BCI: Cars, Statistics, and Neural Latents

The human brain is the most complex organization of matter in the known universe. With 80 billion neurons, each sporting ~1000 synapses, modeling the brain would require trillions of variables whose values change rapidly. Current technology allows scientists to measure, at best, the individual activity of thousands of neurons. This leaves a chasm between what can be measured and what must be estimated.1

The good news is that humans are wholly capable of understanding the words spoken by another human being, interpreting their body language, and engaging in complex interaction patterns without ever grasping the details of another person’s neurological data. So if this can be done, then clearly, latent patterns must exist, and something like body language represents an emergent property of latent patterns within those trillions of neurological variables.

But humans are good at this as a result of billions of years of complex evolutionary processes. No neural network, regardless of its sophistication and the number of GPUs deployed for training, has come close… yet. The bleeding edge of machine learning software development for brain computer interface (BCI) technology attempts what other scientific disciplines have attempted for centuries–measure parts of a complex whole, then interpret the patterns that describe the state of the system.

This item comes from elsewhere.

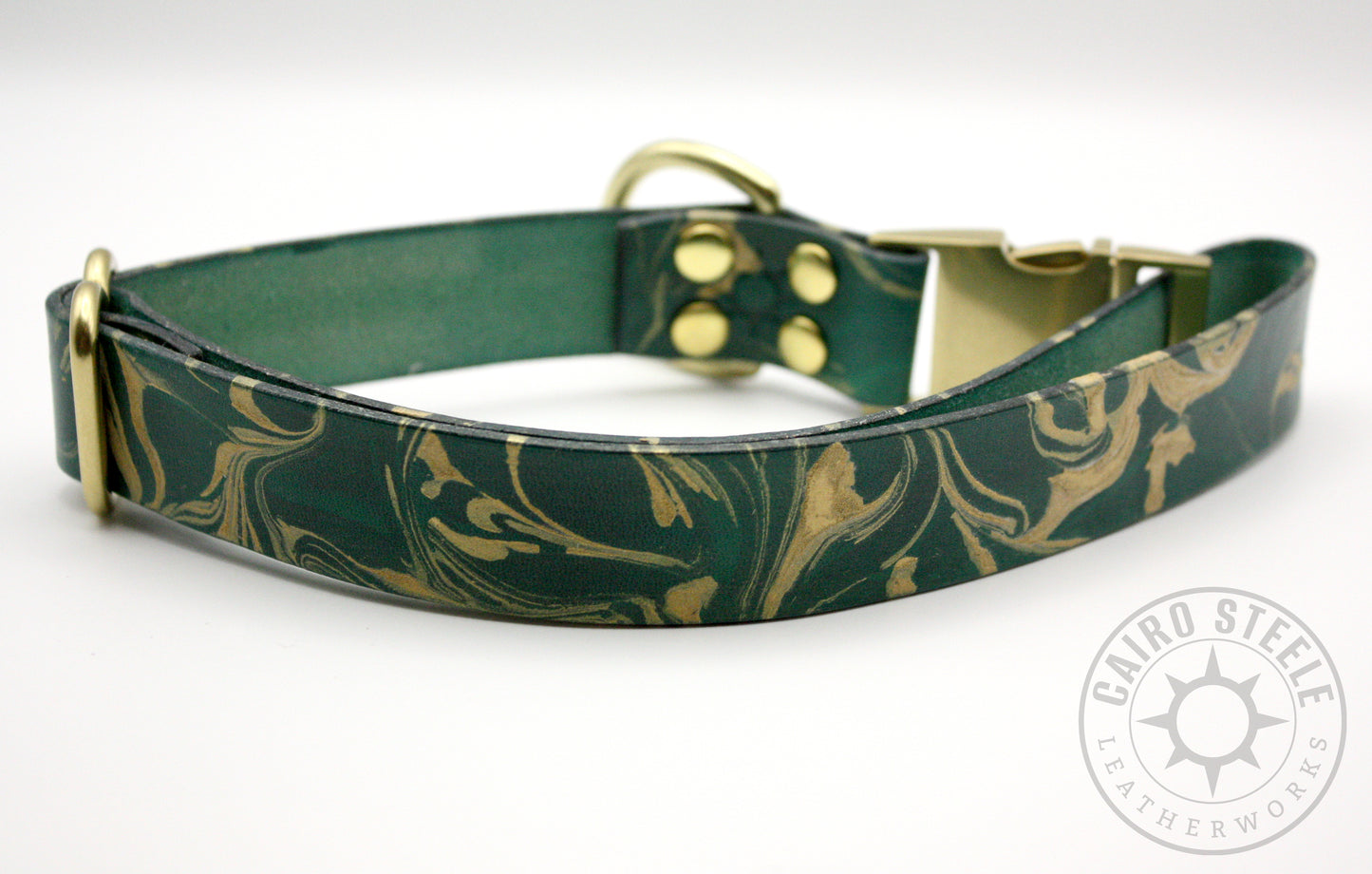 Jade & Gold Marbled Puppy Collar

What does this look like in practical terms? What are we actually doing day-to-day to solve these unfathomably complex mathematical challenges? Let’s discuss. We’ll introduce a few quantitative ideas, but ideally, avoid the eyes-glazing-over experience of one’s college statistics class. If nothing else, the topic is a bit more compelling, since we’re ultimately discussing the nature of interaction, understanding, consciousness, and the totality of the human experience.2

Since picturing the electrical activity of neurons or metabolic activity in the brain’s vasculature is beyond the capacities of the human imagination (or at least mine!), let’s consider a complex system with which we engage daily. I reside in Chicago, land of deep dish pizza, Italian beef, and a massive grid of what is currently slush-filled traffic.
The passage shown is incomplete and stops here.